One thing that has driven me mad for the past several years is hotels making it hard to connect your gear to their TVs. Older TVs are usually easier and have a SCART at the back. LCDs bolted into a wall-unit tend to be the worst.
I usually travel with a media player, a variety of cables and a universal remote control. Most of the time I can get something working. I’ve only been beaten once by a recessed LCD where I was very tempted to take my leatherman tool to the entire wall unit to disassemble it. But I managed to stop myself.
Last week I thought I was stymied again. It took me a good 15 mins of my arm up the back of the LCD to find a HDMI socket but I finally did. However I couldn’t get the TV to switch to the AV ports no matter what I did on my or their remote.
The culprit is that Hotel TV system. You know the one, with the welcome video and the “premium” channels. It locks the TV down so you can only see what they want you to see. Very frustrating.
But I do hate to be beaten so I did a bit of googling and hurrah, it’s a doddle to work around.

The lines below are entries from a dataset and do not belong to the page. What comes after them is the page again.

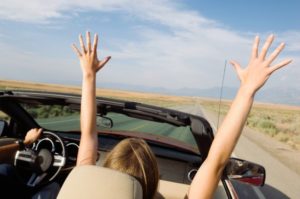 woman passenger in convertible with hands up2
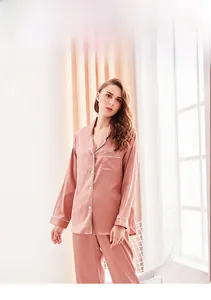Detail of contrast color pocket and white piping on silk-like satin pajama top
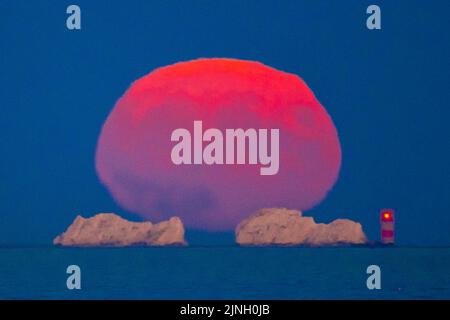 Mudeford, Dorset, Royaume-Uni. 11th août 2022. Météo Royaume-Uni. La pleine superlune de l'Esturgeon s'élève dans le ciel clair de nuit depuis l'arrière du phare des aiguilles sur l'île de Wight au crépuscule à la fin d'une journée chaude brûlante. Crédit photo : Graham Hunt/Alamy Live News Banque D'Images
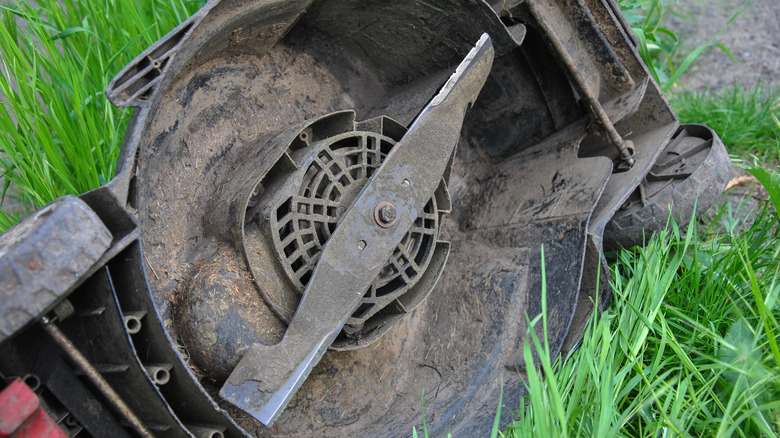 lawn mower on its side showing blade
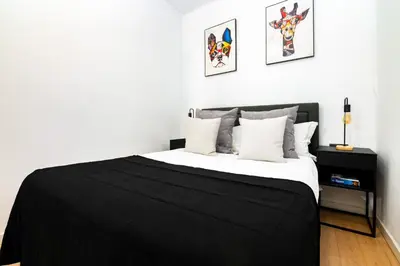 a bedroom with a bed with a black blanket at R&B Mila in Barcelona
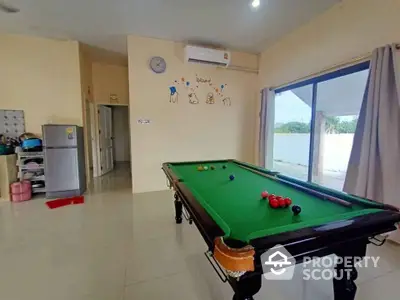 Spacious game room with pool table and modern decor in a bright home setting.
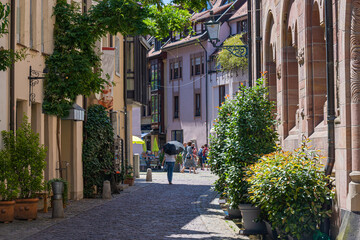 Fototapeta na wymiar Romantic alley at archiepiscopal ordinariate in the old town of Freiburg im Breisgau. Baden Wuerttemberg, Germany, Europe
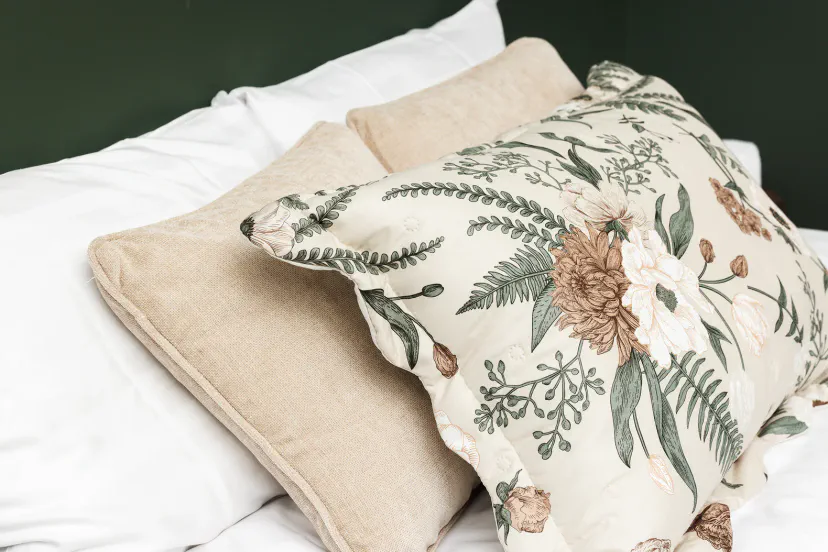 Elegant floral accent pillows on a crisp, cozy bed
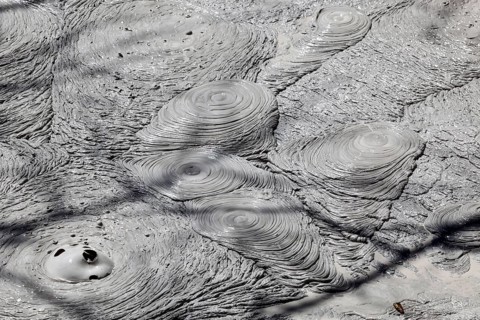Fumarole with bubbling grey mud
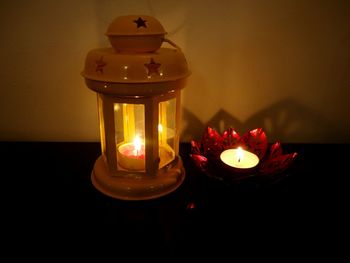 Close-up of lit tea light candle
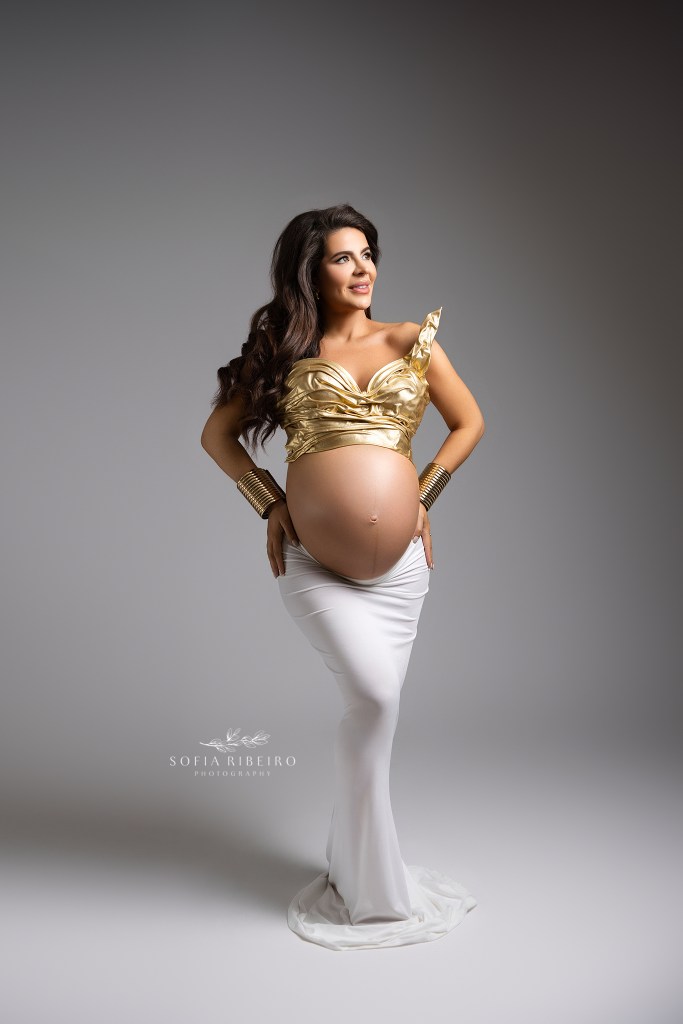 mom is a goddess in a stunning two piece gold bustier and white skirt for maternity protraits.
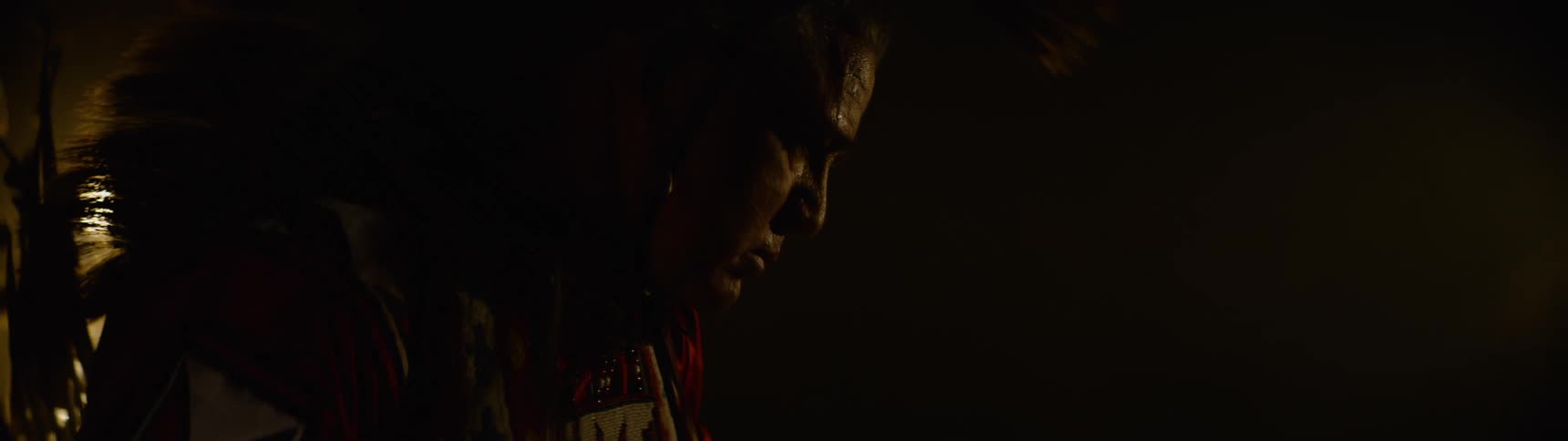 A man wearing a headdress is standing in the dark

This should work for any Philips Hotel TV setup and possibly others.
- Connect your media player, Android Tablet with HDMI-out or Raspberry Pi to the TV
- Go to a high numbered channel, ideally one that is used for nothing
- Quickly type 3 1 9 7 5 3 mute on the TV remote and you’ll get access to a secret admin menu.
- Choose Program Install and then cycle through the inputs until you see the expected screen of your connected device
- Exit out and your’re done!
To avoid annoying the hotel, you should do the decent thing and re-run the procedure above just before you leave and change the input back to tuner (or whatever it was set to originally).
I smugly used my Raspberry Pi running the Raspbmc distribution to play a variety of videos in my hotel room last week using XBMC.